In July 2010, AerSale delivered a specially modified Boeing 737-400 aircraft to the National Nuclear Security Administration to fly depleted nuclear waste to disposal sites. It supplied low-cost, used turbine blades to the Department of Defense for use on the Air Force's KC-135 Stratotanker aircraft; it saved the government US$36 million.

==Lines of business==
AerSale operates three integrated lines of business: Aircraft & Engine Leasing; Material Sales; and Maintenance, Repair & Overhaul (MRO). The company is an aftermarket seller of original equipment manufacturers (OEM) used serviceable material.

AerSale sells and leases engines and aircraft, both commercial passenger and cargo aircraft. It has purchased Boeing 737-300, Boeing 737-400, Boeing 737-500, Boeing 747-400, Boeing 757-200, and Boeing 767-300 passenger and freighter aircraft; Airbus A300-600R, Airbus A310-200, Airbus A320-200, and Airbus A330-300 passenger aircraft; and McDonnell Douglas MD-90 passenger and McDonnell Douglas DC-8-70 series freighter aircraft.

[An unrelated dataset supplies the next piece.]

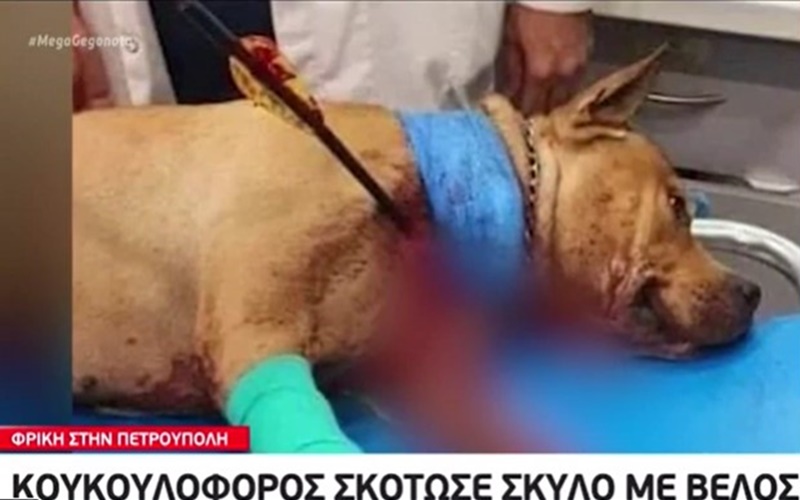 Φρίκη στην Πετρούπολη: Κουκουλοφόρος σκότωσε σκύλο με βέλος 1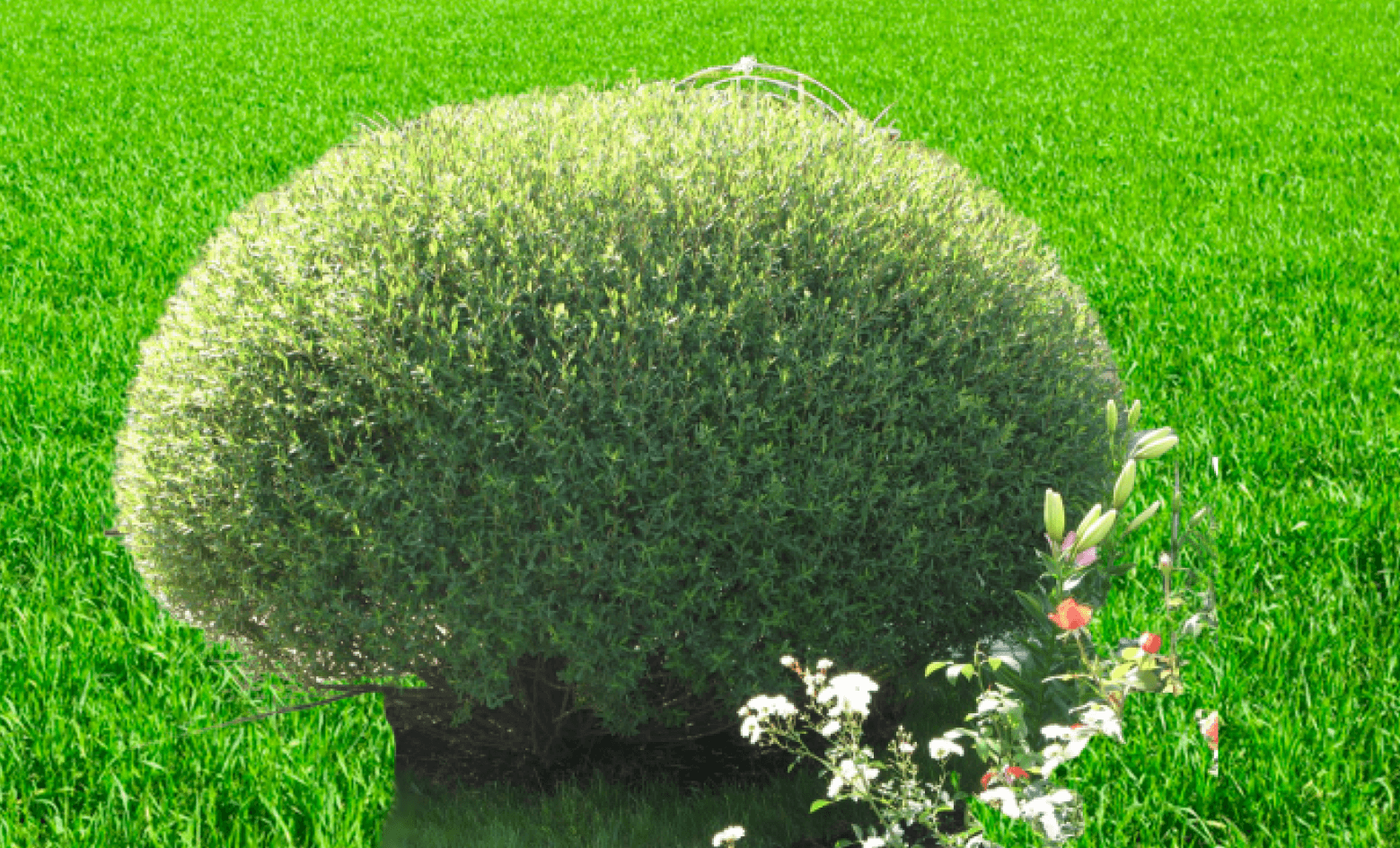 Ива пурпурная Ива пурпурная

In November 2013, it completed a major maintenance check for NASA on its flying laboratory, a specially modified McDonnell Douglas DC-8-70 series aircraft.
==Certifications==
On March 12, 2010, the Aviation Suppliers Association certified AerSale's quality system to meet the requirements of ASA-100 and FAA Advisory Circular 00-56A. On June 14, 2011, AerSale was certified by the Aircraft Fleet Recycling Association. On February 24, 2014, it received a U.S. Approval Certificate from the European Aviation Safety Agency (EASA).

In December 2023, the FAA approved the AerAware headset device SKYLENS as part of an enhanced flight vision system.

==Acquisitions==
AerSale's first acquisition came in 2009 when it acquired 44 McDonnell Douglas DC-8-70 series aircraft from a major international logistics company.

In May 2010, AerSale acquired the assets of Great Southwest Aviation located at the Roswell International Air Center in Roswell, New Mexico. In late 2010, AerSale acquired 19 Boeing 747-400 aircraft from Japan Airlines, representing two-thirds of the JAL fleet of 747-400s. In 2012, AerSale acquired 25 of Saudi Airlines's McDonnell Douglas MD-90 aircraft. In July 2015, AerSale acquired Aero Mechanical Industries, Inc. (AMI), located in Rio Rancho, New Mexico, to expand its component overhaul services to include aero structures. In 2018, AMI was rebranded AerSale Component Solutions.

In November 2018, AerSale acquired Avborne, located in Miami, Florida, to include overhaul capability for hydraulic, pneumatic, and landing gear. In June 2019, AerSale acquired airframe parts specialist Qwest Air Parts to add scale to its offering of airframe used serviceable material.

AerSale Corp. and Monocle Acquisition Corporation announced their merger in December 2019, with an implied enterprise value of about US$430 million. The deal was revised in September 2020, with a lower value of about US$300 million. The combined company, named AerSale Corporation, began trading on Nasdaq under the ticker symbol "ASLE" in December 2020.